Sheet 4.1: Non-linear regression (custom MLP)#
Author: Michael Franke
In this tutorial, we will fit a non-linear regression, implemented as a multi-layer perceptron. First, we will implement it the hard way: coding the different layers in terms of explicitly spelled out matrix operations. In the next worksheet, we will see how the use of modules from PyTorch’ neural network package `torch.nn` helps us implement the model in a more efficient way. Going through the model entirely by hand, helps understand what is happening ’under the hood’ and also helps appreciating the high-level functionality provided by software like PyTorch.
Packages & global parameters#
We will need to import the `torch` package for the main functionality. We specifically import the neural network functionalities from PyTorch as `nn`. We use this here only for the training loss function (MSE). In order to have a convenient handle, we load the `torch.nn.functional` package into variable `F`. We use this to pick up the activation function (ReLU) we will use for our neural network.
import torch
import torch.nn as nn
import torch.nn.functional as F
import numpy as np
import seaborn as sns
import pandas as pd
import matplotlib.pyplot as plt
# import sys
import warnings
warnings.filterwarnings('ignore')
We will also globally set the float precision to 64:
torch.set_default_dtype(torch.float64)
True model#
The “true model” is a constructed non-linear function \(y = f(x)\). Here is its definition and a plot to show what the “ground truth” looks like.
##################################################
## ground-truth model
##################################################
def goalFun(x):
return(x**3 - x**2 + 25 * np.sin(2*x))
# create linear sequence (x) and apply goalFun (y)
x = np.linspace(start = -5, stop =5, num = 1000)
y = goalFun(x)
# plot the function
d = pd.DataFrame({'x' : x, 'y' : y})
sns.lineplot(data = d, x = 'x', y = 'y')
plt.show()
Training data#
The training data consists of 100 pairs of \((x,y)\) values. Each pair is generated by first sampling an \(x\) value from a uniform distribution. For each sampled \(x\), we compute the value of the target function \(f(x)\) and add Gaussian noise to it.

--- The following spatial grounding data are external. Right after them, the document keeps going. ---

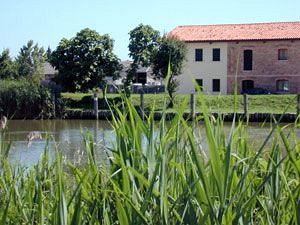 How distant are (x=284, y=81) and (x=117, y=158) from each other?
4105 centimetres

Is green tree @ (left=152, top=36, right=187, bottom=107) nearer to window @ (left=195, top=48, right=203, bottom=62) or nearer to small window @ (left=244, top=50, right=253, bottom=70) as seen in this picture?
window @ (left=195, top=48, right=203, bottom=62)

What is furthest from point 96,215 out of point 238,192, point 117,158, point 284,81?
point 284,81

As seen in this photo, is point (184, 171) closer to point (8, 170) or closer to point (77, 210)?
point (77, 210)

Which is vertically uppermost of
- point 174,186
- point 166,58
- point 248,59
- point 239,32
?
point 239,32

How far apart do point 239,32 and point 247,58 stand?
2399 mm

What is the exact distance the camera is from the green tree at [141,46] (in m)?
38.7

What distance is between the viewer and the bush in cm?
3569

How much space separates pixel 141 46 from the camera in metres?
39.7

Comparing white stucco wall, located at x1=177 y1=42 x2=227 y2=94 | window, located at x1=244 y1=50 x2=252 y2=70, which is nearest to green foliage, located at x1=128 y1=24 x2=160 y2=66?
white stucco wall, located at x1=177 y1=42 x2=227 y2=94

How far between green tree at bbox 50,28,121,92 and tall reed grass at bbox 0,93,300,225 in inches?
1371

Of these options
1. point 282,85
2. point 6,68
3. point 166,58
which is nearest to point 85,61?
point 166,58

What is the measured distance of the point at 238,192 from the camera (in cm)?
254

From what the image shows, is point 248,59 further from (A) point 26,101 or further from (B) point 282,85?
(A) point 26,101

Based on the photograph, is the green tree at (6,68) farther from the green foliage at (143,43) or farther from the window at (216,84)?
the window at (216,84) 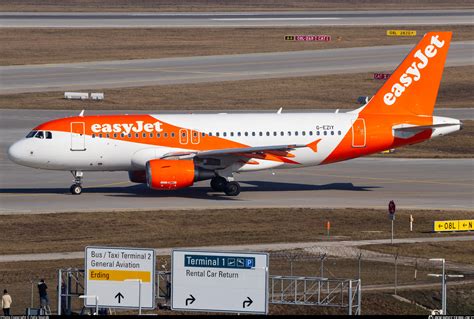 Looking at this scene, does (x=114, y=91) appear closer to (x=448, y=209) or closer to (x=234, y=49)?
(x=234, y=49)

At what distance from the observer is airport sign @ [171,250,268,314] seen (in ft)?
110

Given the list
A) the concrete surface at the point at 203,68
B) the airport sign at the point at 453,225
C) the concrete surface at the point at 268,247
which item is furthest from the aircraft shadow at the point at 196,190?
the concrete surface at the point at 203,68

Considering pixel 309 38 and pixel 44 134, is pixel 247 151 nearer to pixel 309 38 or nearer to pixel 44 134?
pixel 44 134

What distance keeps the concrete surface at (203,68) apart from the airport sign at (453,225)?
6456cm

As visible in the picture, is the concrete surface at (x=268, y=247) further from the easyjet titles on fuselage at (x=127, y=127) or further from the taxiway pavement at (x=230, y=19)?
the taxiway pavement at (x=230, y=19)

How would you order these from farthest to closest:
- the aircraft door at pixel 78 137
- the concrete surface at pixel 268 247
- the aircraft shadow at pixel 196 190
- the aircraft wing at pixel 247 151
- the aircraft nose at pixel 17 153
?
the aircraft shadow at pixel 196 190
the aircraft door at pixel 78 137
the aircraft nose at pixel 17 153
the aircraft wing at pixel 247 151
the concrete surface at pixel 268 247

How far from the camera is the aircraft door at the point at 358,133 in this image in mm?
70875

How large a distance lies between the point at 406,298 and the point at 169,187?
82.2 feet

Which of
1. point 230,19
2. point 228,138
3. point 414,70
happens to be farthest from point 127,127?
point 230,19

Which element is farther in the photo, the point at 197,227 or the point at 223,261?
the point at 197,227

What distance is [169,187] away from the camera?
67.5m

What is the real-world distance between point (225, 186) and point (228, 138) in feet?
9.70

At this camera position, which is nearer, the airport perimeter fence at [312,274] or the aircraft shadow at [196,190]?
the airport perimeter fence at [312,274]

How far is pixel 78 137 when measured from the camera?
227 ft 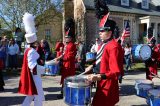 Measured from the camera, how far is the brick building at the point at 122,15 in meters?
27.8

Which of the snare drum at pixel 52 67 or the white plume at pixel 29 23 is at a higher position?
the white plume at pixel 29 23

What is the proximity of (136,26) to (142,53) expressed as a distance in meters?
21.7

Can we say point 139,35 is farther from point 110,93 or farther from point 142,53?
point 110,93

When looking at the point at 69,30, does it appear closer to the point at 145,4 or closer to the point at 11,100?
the point at 11,100

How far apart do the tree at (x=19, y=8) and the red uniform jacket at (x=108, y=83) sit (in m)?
23.3

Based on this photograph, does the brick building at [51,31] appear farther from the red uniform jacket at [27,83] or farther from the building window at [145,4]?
the red uniform jacket at [27,83]

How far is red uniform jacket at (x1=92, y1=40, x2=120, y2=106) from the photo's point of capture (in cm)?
432

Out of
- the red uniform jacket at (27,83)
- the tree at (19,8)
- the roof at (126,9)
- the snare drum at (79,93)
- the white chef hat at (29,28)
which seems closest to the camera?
the snare drum at (79,93)

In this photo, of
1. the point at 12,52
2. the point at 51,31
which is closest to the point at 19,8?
the point at 12,52

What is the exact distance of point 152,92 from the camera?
19.2 ft

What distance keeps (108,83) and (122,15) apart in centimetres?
2617

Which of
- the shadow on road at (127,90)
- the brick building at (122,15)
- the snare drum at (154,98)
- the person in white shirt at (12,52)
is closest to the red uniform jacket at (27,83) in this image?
the snare drum at (154,98)

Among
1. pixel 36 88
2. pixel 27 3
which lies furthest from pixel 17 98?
pixel 27 3

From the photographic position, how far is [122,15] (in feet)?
98.7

##################################################
## generate training data (with noise)
##################################################
nObs = 100 # number of observations
# get noise around y observations
yNormal = torch.distributions.Normal(loc=0.0, scale=10)
yNoise = yNormal.sample([nObs])
# get observations
xObs = 10*torch.rand([nObs])-5 # uniform from [-5,5]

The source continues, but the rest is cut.